● What needs to be done
Look below for the line with "Hello everyone, this"; begin the copy there and stop after the line with "Last week I", keeping the text exact and the pictures out.

● Material provided
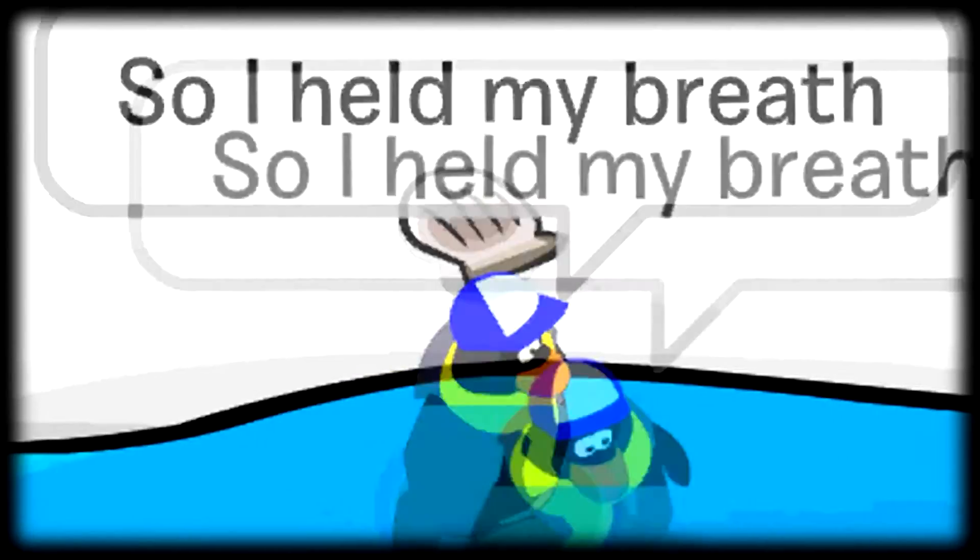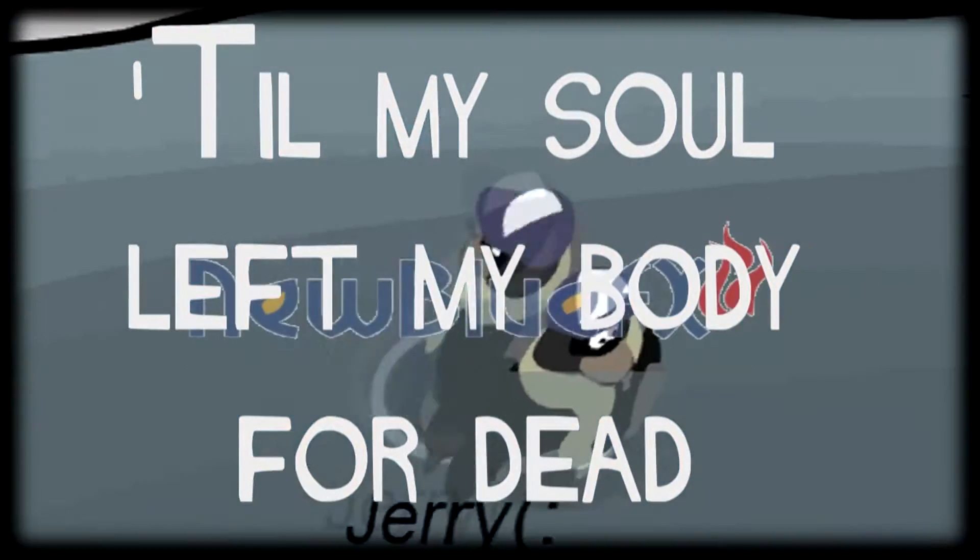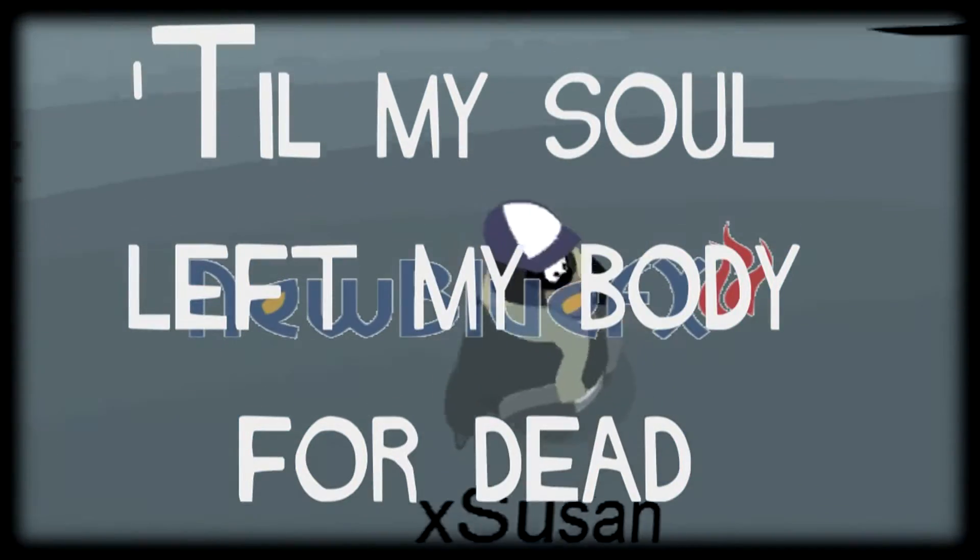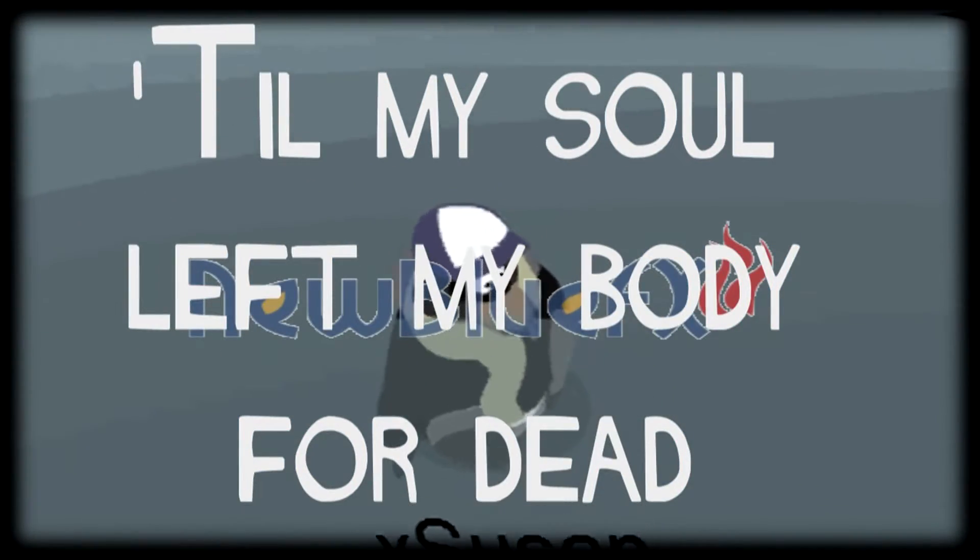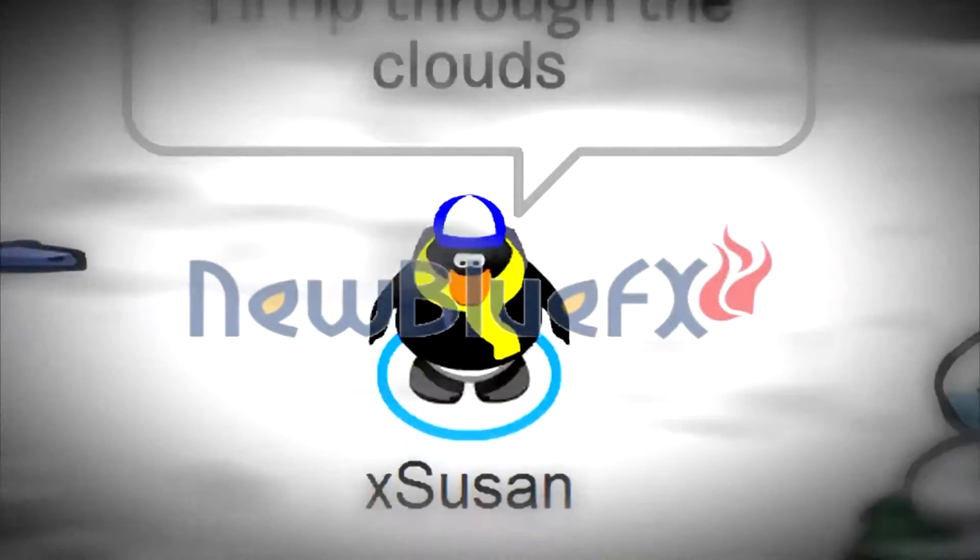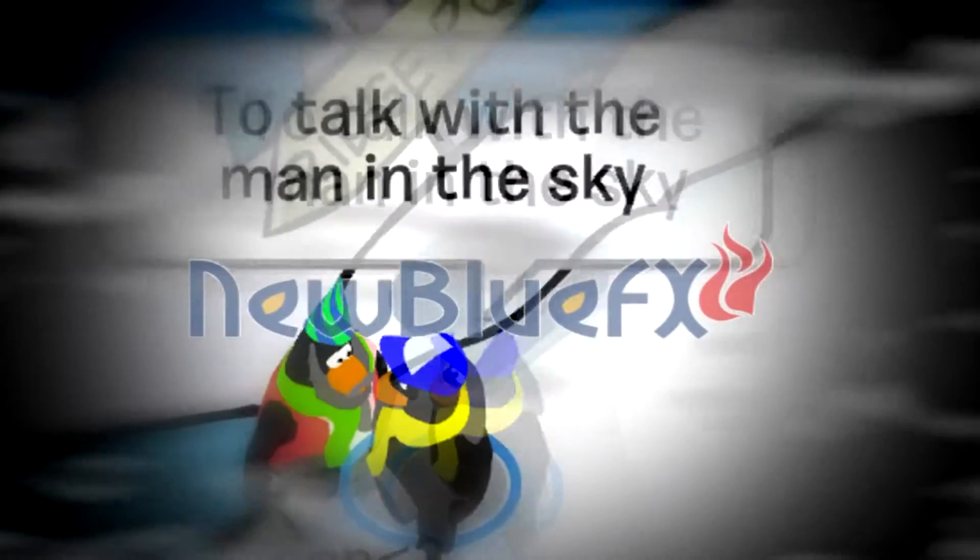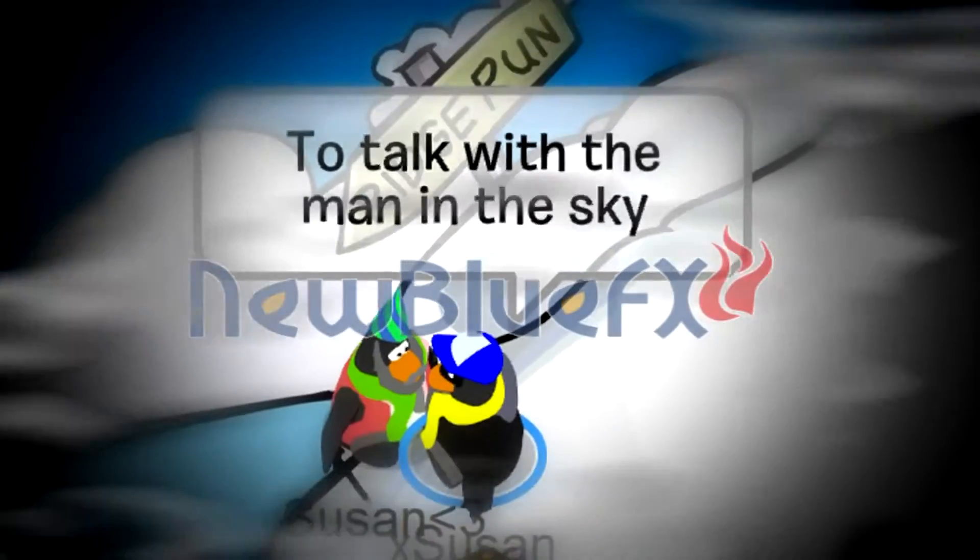So I held my breath till my soul left my body for dead. I ripped through the clouds to talk with the man in the sky.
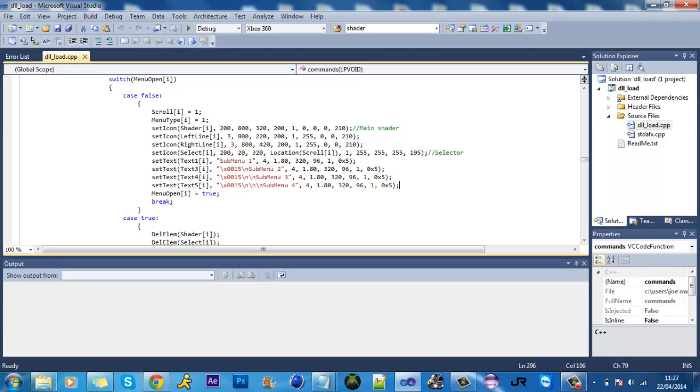Hello everyone, this is part 3 of how to make a TU8 mods menu for MW2. In this tutorial I'm going to show you how to add a news bar and toggling options.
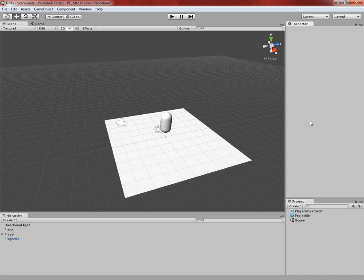Hey, what's going on guys? Daniel here as usual, and today I'm going to be continuing the Unity 3D tutorial series. For this episode it should be relatively quick, but what we're going to be covering is some kind of artificial intelligence thing.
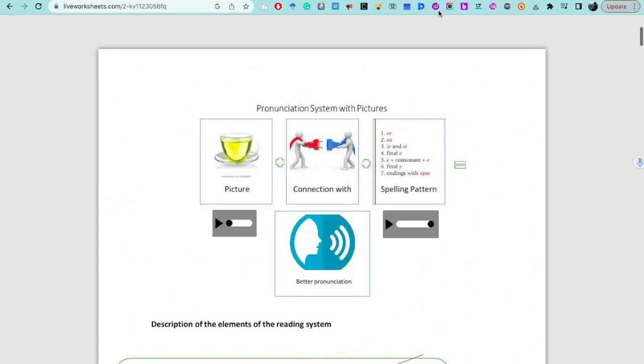Alright, in this video I'm going to explain how the pronunciation system with pictures works.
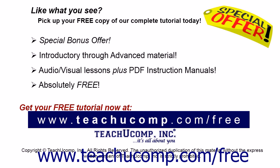Like what you see? Pick up your free copy of the complete tutorial at www.teachucomp.com/free.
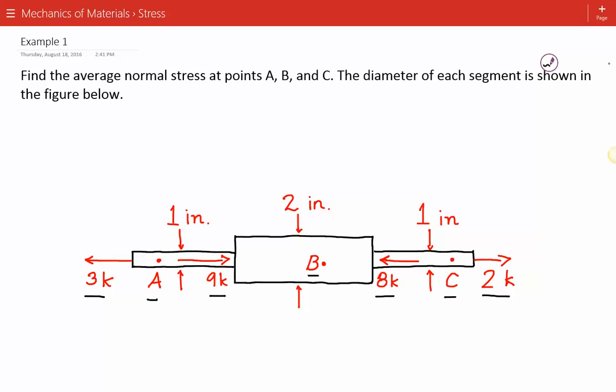This part of the component has a diameter of one inch. This has a diameter of two inches. And this over here has a diameter of one inch.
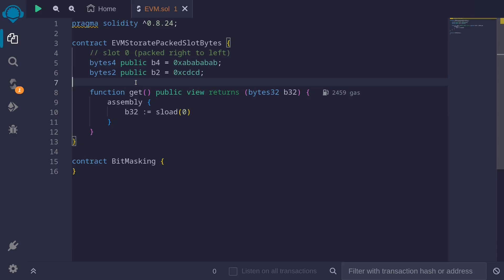State variables that are less than 32 bytes, if possible, will be packed into a single slot. To manually read and write from these state variables, we will need to learn a little bit of bit masking. In this video, I'll explain some bit masking tricks that we'll need to read and write from state variables that are packed into a single slot. First, I'll briefly explain how state variables are packed into a single slot, and then I'll move on to the bit masking tricks.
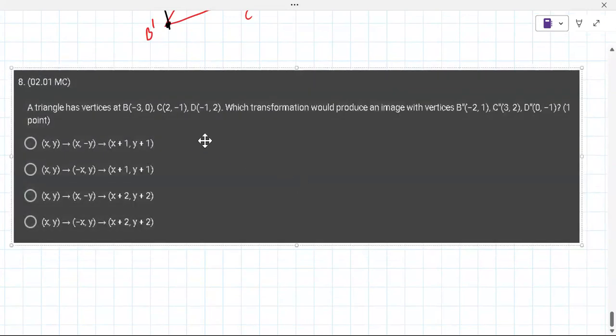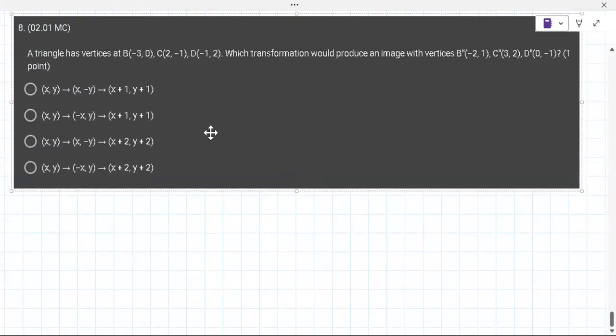This next one you can do on your own — they're giving you the transformations and you have to decide which one it is. Let me know what you come up with and I'll help confirm.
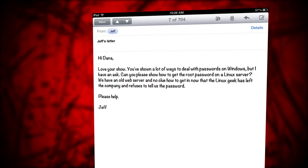Last week I was sent a really simple question that reads like this: Hi Dana, love your show. You've shown a lot of ways to deal with passwords on Windows, but I have an ask. Can you please show how to get the root password on a Linux server? We have an old web server and no clue how to get in now that the Linux geek has left the company and refuses to tell us the password. Please help. Jeff. That's actually a pretty simple question to ask and it's a pretty simple thing to show. So let's do that for you, Jeff.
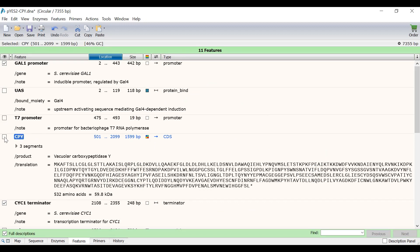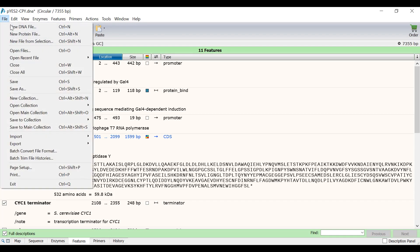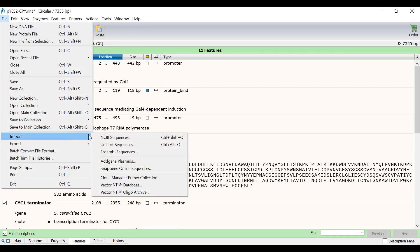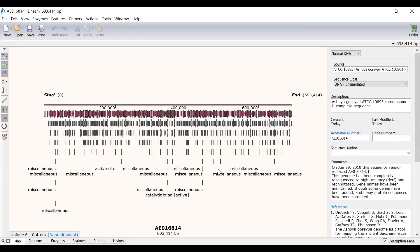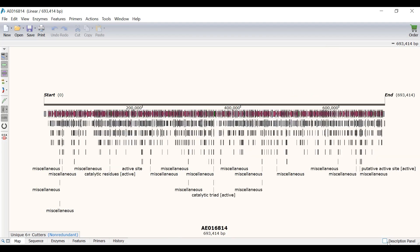In the last part of this working with features demonstration, I will show you how Snapgene handles a sequence with a lot of features. To do this, I will import a sequence directly from the NCBI database by going to File Import NCBI Sequences. I will enter the accession number for the sequence I am interested in and click Import. This sequence is a complete chromosome from a yeast species and is nearly 700,000 base pairs long. I will hide the description panel by unchecking the option in the lower right.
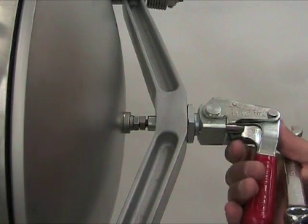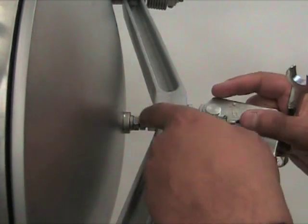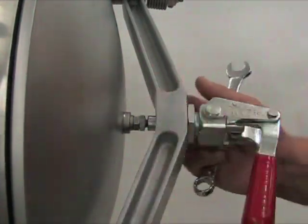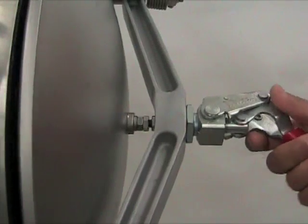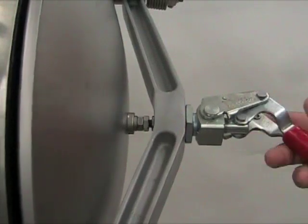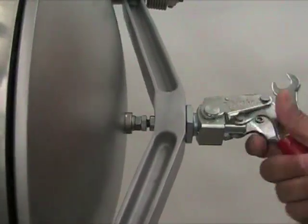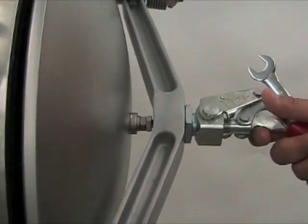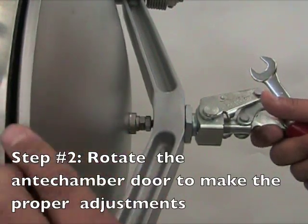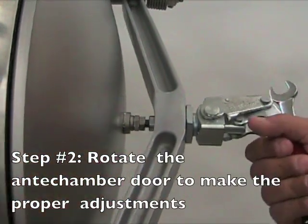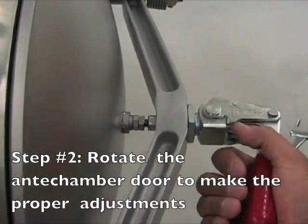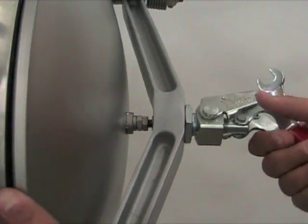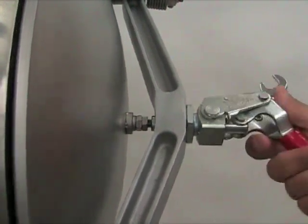So now that we've loosened the jamming nut, what you want to do to increase the closing tension is turn the anti-chamber door clockwise. And that feels about right.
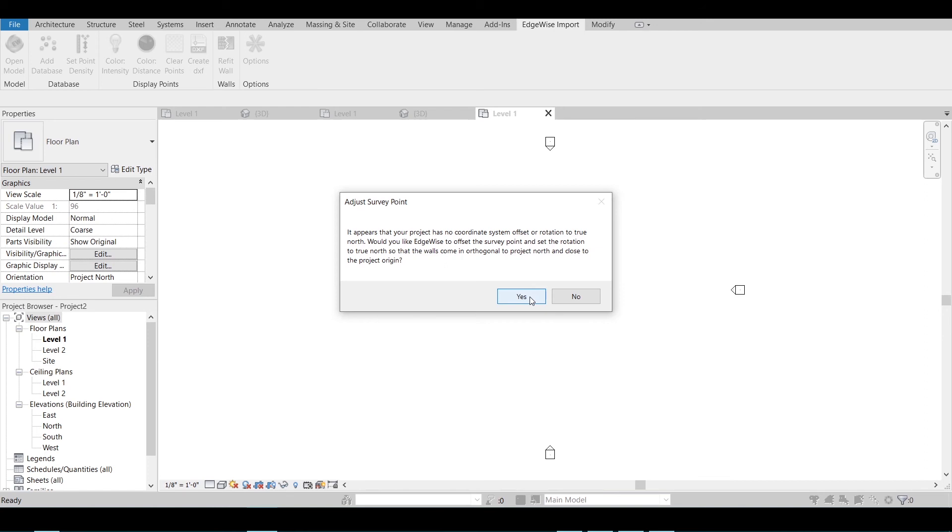If you wish to do this, click Yes, or you can click No if you'd prefer Edgewise not make these adjustments. If your project already has a coordinate system offset or rotation to true north, then this dialog box will not appear.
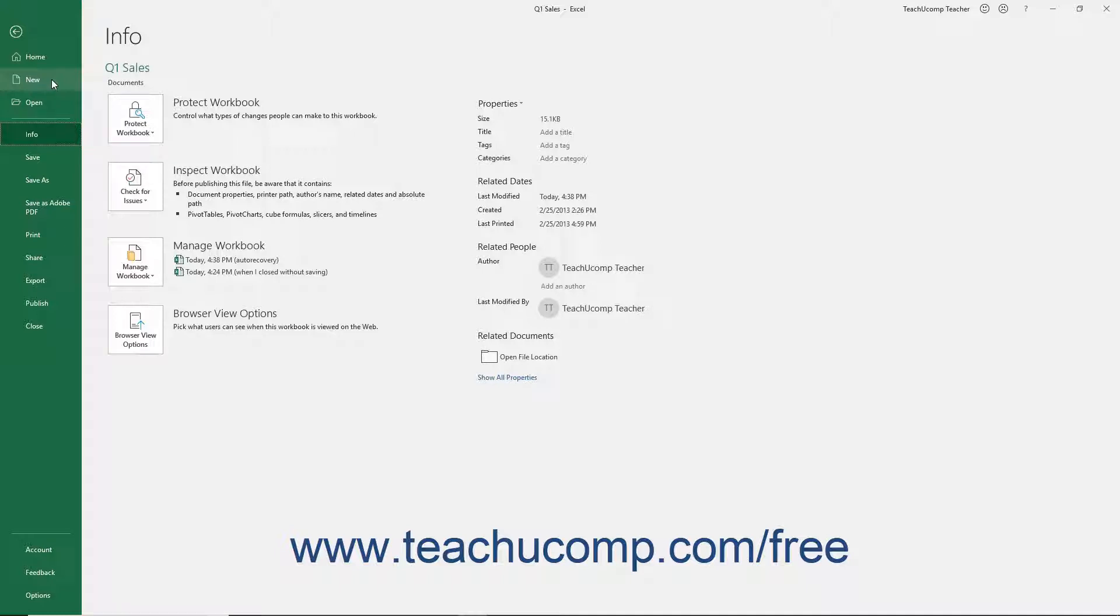The commands that appear at the left side of the Backstage View are the available File Management commands, followed by Account and Program options in a separate Command section.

● Answer for this exercise
Hello everyone, this is part 3 of how to make a TU8 mods menu for MW2. In this tutorial I'm going to show you how to add a news bar and toggling options.
Hey, what's going on guys? Daniel here as usual, and today I'm going to be continuing the Unity 3D tutorial series. For this episode it should be relatively quick, but what we're going to be covering is some kind of artificial intelligence thing.
Alright, in this video I'm going to explain how the pronunciation system with pictures works.
Like what you see? Pick up your free copy of the complete tutorial at www.teachucomp.com/free.
This part of the component has a diameter of one inch. This has a diameter of two inches. And this over here has a diameter of one inch.
State variables that are less than 32 bytes, if possible, will be packed into a single slot. To manually read and write from these state variables, we will need to learn a little bit of bit masking. In this video, I'll explain some bit masking tricks that we'll need to read and write from state variables that are packed into a single slot. First, I'll briefly explain how state variables are packed into a single slot, and then I'll move on to the bit masking tricks.
This next one you can do on your own — they're giving you the transformations and you have to decide which one it is. Let me know what you come up with and I'll help confirm.
Last week I was sent a really simple question that reads like this: Hi Dana, love your show. You've shown a lot of ways to deal with passwords on Windows, but I have an ask. Can you please show how to get the root password on a Linux server? We have an old web server and no clue how to get in now that the Linux geek has left the company and refuses to tell us the password. Please help. Jeff. That's actually a pretty simple question to ask and it's a pretty simple thing to show. So let's do that for you, Jeff.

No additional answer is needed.